(03/13/14) - A jury ruled in favor of a woman accused of stealing from the Genesee Intermediate School District.
It's a story we've been following for more than a year and a half.
The GISD must now pay more than $1 million to former assistant superintendent Beverly Knox-Pipes.
Knox-Pipes was fired by the district, accused of stealing money to cover up an affair with her boss - but that's not her side of the story.
The district accused Knox-Pipes of misusing more than $87,000 in taxpayer money to help cover up an affair with retired superintendent Tom Svitkovich.
Knox-Pipes says that's not the case. She says the district fired her to prevent her from testifying in a lawsuit with the Clio School District over the GenNET program.
She sued the GISD.
Wednesday afternoon, the jury ruled in favor of Knox-Pipes, ordering the district to pay her more than $1 million.
"She's on cloud 9. She broke down in tears of joy. She's vindicated, totally vindicated by this," said Tom Pabst, Knox-Pipes' attorney.
If you break it down, that's $760,000 for violating the Whistleblower Protection Act, which protects employees from being punished for participating in investigations. The district must pay $320,000 for breaking her contract - and $130,000 in attorney fees.
"There were a lot of details that clearly demonstrate her callous disregard for our policy and misuse of taxpayer funds," said Jerry Johnson, GISD spokesperson. "The bottom line is we did what we think is right. Our taxpayers would've expected that from us. We're not going to stop here, we will appeal. We still feel we are fully justified."

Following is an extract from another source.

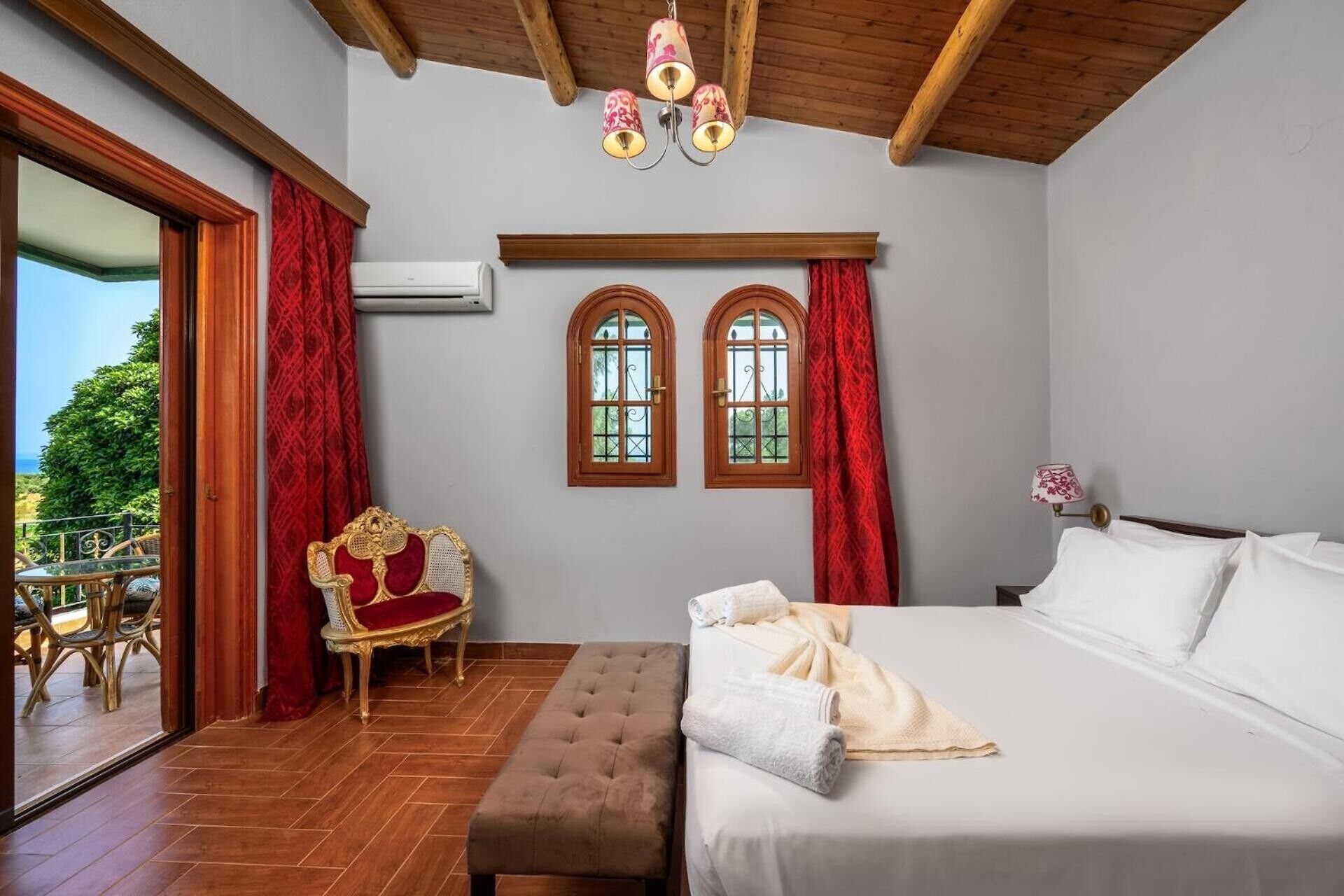 3 habitaciones, tabla de planchar con plancha, wifi y ropa de cama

Pabst calls the audit and the firing part a witchhunt.
"She professionally and personally destroyed Bev to cover up her own unlawful conduct," Pabst said, referring to current superintendent Lisa Hagel. "She tried to smear and she did smear."
The district says there was more than enough evidence to support the decision to fire Knox-Pipes.
"This has been a long, disappointing journey with a lot of unfortunate circumstances and quite frankly it was a gut-wrenching episode in our organization's history," Johnson said.